This is a plan for a reading course in the Spring on Coxeter groups and reflection groups. ("Plan" might be too strong a word). There are rather a large number of books which cover this topic, for example:
- Kane "Reflection Groups and Invariant Theory". (Springer/CMS 2001).
- Borovik and Borovik "Mirrors and Reflections". (Springer 2010).
- Abramenko and Brown "Buildings". (Springer 2008).
- Humphreys "Reflection Groups and Coxeter Groups. (CUP 1990).
- Bjorner and Brenti "Combinatorics of Coxeter Groups". (Springer 2006)/
- Grove and Benson "Finite Reflection Groups, 2nd ed". (Springer 1985).
- Hiller "Geometry of Coxeter Groups". (Pitman 1982).
Note that the above list is not complete.

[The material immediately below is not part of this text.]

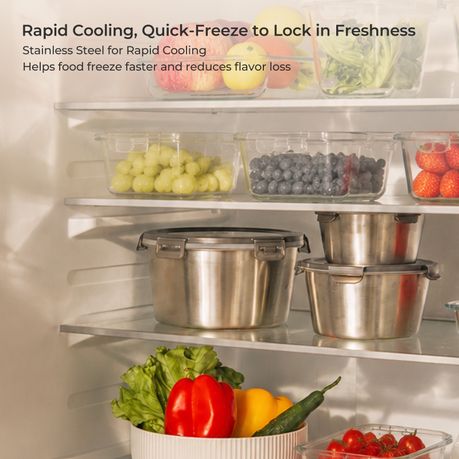 Stainless Steel Nesting Food Storage Container - Set of 5
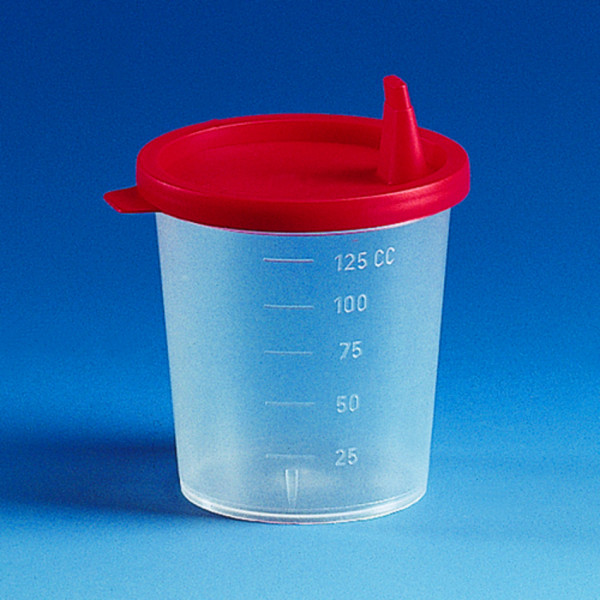 BRAND Press-on lid for urine beaker 7589 01, PE, red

The topic is covered tersely in Aschbacher "Finite Group Theory" and in Brouwer, Cohen and Neumaier "Distance-Regular Graphs"; there is a good discussion of root systems in Humphreys "Introduction to Lie Algebras and Representation Theory".
Part I: Theory
- Coxeter groups are reflection groups.
- Reflection groups are Coxeter groups.
- The classification of finite Coxeter groups.
- Invariant theory. [maybe]
Part II: Applications and Extensions
The major application is the classification of semisimple Lie algebras over the complex numbers, which we will not treat. Applications we may treat include:
- Root lattices.
- Classification of graphs with least eigenvalue at least -2.
- Coxeter graphs (as in BCN).
- Complex reflection groups.
- Reflections over finite fields.